Figure 3. Title sequence: A) Caracol Stela 23:I1-J1 (drawing by Nikolai Grube); B) Yaxchilan Lintel 22:A1-B3 (drawing by Ian Graham); and C) Yaxchilan Lintel 47A4-D3 (drawing by Ian Graham.

The mystery of what this sequence might mean cannot be solved at this time. What is of immediate concern are the two reptile heads in place of the pa-ti. By standard, and warranted, epigraphic supposition, one alternates with the other, and the ti surely serves as a syllabic complement to a CVC or CVCVC word sign. Paat or pa’t, from the disharmonic ti, yields welcome results: a basic source on Ch’orti’ Maya, the target language for most decipherments, gives us “ah pat, lagartija (small lizard, probably the newt, or e’t)” (Wisdom n.d., though we doubt the “newt” identification), and a yet more complete compilation, by Kerry Hull, supplies “ajpat. anim. largato, largatija. lizard” (Hull 2016:41). These terms are securely cognate with a range of words for “lizard” or basilisk, ix=pa7ch or ix-pa’ch in more conventional phonological notation (Kaufman 2003:641; note that Terrence Kaufman derives the word from Mije-Sokean languages, a link that, if it exists, must have gone far back into the Preclassic period). To this Yukatek adds: (ah) pach “lagarto coronado con cresta y macho” (Barrera Vásquez et al. 1980:616). The internal glottal stop relates anciently to the vowel complexity attested in the Classic spelling. Most of these terms probably connect as well to words for “back, spine,” paat or paach, depending on the language. In syllabic form, the name materializes in the area of Lacanha or Bonampak (Figure 4): a lord from that area went by yi-ch’a-ki pa-ti, Yich’ak Paat/Pa’t, “Claw of the Crested Lizard,” on Piedras Negras Panel 2, and another figure, attested on an unprovenanced altar at the Art Institute of Chicago, was called a-ku[lu] pa-ti, Ahkul Paat/Pa’t, “Turtle-ish Crested Lizard” (AIC #1971.895).

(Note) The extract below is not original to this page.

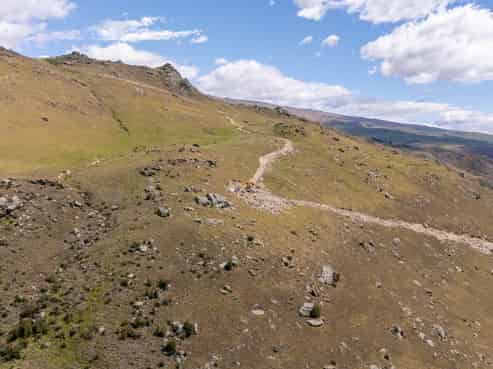  State Highway 8, Shingle Creek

Figure 4.  Other probable examples of “Crested Lizard” names:  left, Piedras Negras Panel 2:I’1–J’1 (drawing by David Stuart); and right, Art Institute of Chicago, Altar:G1 (photograph from the Art Institute of Chicago, courtesy Richard Townsend, drawing by David Stuart). 

This crested lizard, probably some variant of a basilisk, figures in a number of images (Figure 5). The most elaborate shows an enigmatic scene in which two reptiles are being brutalized by black-painted figures, one caparisoned as a water bird–a digging stick seems to serve as a weapon for one tormentor, while the other slings rocks. A miserable-looking crocodile sits nearby on a throne, his arms bound around his back. Evidence of a feast–a tamale bowl and pulque vase (see the white froth)–complete the image, although the reptiles do not appear to relish the moment. Has a party been interrupted, will they be included, after suitable butchering and cooking, as part of the meal?


Figure 5. Probable paat or pa’t lizards: A) Stoning and torture of captured crocodile and paat/pa’t lizard; and B) paat/pa’t lizard on primordial mountain (K6547, Ethnologisches Museum, Berlin).     

The link of basilisks and drinking bowls marks one final image, on a late 6th-century, early 7th-century bowl from Altun Ha, Belize (Figure 6).  The lizard with flowery ornament on its brow long tail and dotted crest occurs in a watery scene that also contains the sign for musk or mead, the latter perhaps being the more likely connotation (cf. Figure 3B, 3C above; for another sign of musk or mead, Pendergast 1990:fig. 152a).  Leaning over slightly, his arm rises in servitude–was this tied in some way to the tableau of torture, either as prelude or epilogue?  Many of these bowls display pizotes or monkeys, the creatures most likely to poach succulent cacao pods, or they highlight birds of a pleasant, watery world (see Taube’s contribution to Ogata et al. 2006).  Whether any of these associations explain the royal name at La Corona remains a subject for future thought.


Figure 6. Bowl from Burial C-16, Altun Ha (Pendergast 1982:fig. 106d).  



Acknowledgements  Warm thanks go to the Universidad del Valle and Tulane teams, directed by Tomás Barrientos and Marcello Canuto, for granting access to the La Corona panel.